The Economic and Financial Crimes Commission (EFCC) has explained the reasons behind its arrest and interrogation of a former Managing Director of Fidelity Bank, Nnamdi Okonkwo, over the weekend.
Mr Okonkwo who was recently appointed managing director of First Bank of Nigeria (FBN) Holdings Plc is said to be questioned over his role in the transfer of $153.3 million from the Nigerian National Petroleum Commission in favour of Diezani Alison-Madueke, Nigeria’s former petroleum minister while he was managing director of Fidelity Bank.
It could be recalled that the EFCC had on April 28, 2016, detained Mr Okonkwo over the same matter and later slammed a 14-count charge, including money laundering, on him. It is also unclear if there is fresh evidence against the banker which has now necessitated a fresh round of investigation. EFCC officials contacted declined to provide details.
The board of FBN Holdings Plc had on October 28 appointed Mr Okonkwo the new GMD of the company with effect from January 1, 2022. He will succeed Mr.

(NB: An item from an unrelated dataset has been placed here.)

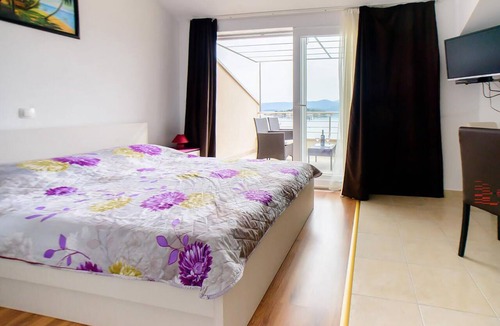 Sreser Apartment | Awesome apartment in Sreser with WiFi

U.K. Eke, who will step down on December 31, according to the company’s note to the Nigerian Exchange Limited.
The board’s decision came five days after the chairman of Geregu Power Plc, Femi Otedola, declared his 5.07 per cent stake in the group, making him a substantial shareholder.
It also came a day after Tunde Hassan-Odukale (FirstBank’s chairman) responded to a query from the exchange to FBN Holdings, seeking clarification on why the shareholding of Mr Hassan-Odukale and related parties were classified into two parts of 4.16 and 1.20 per cent respectively, totalling 5.36 per cent.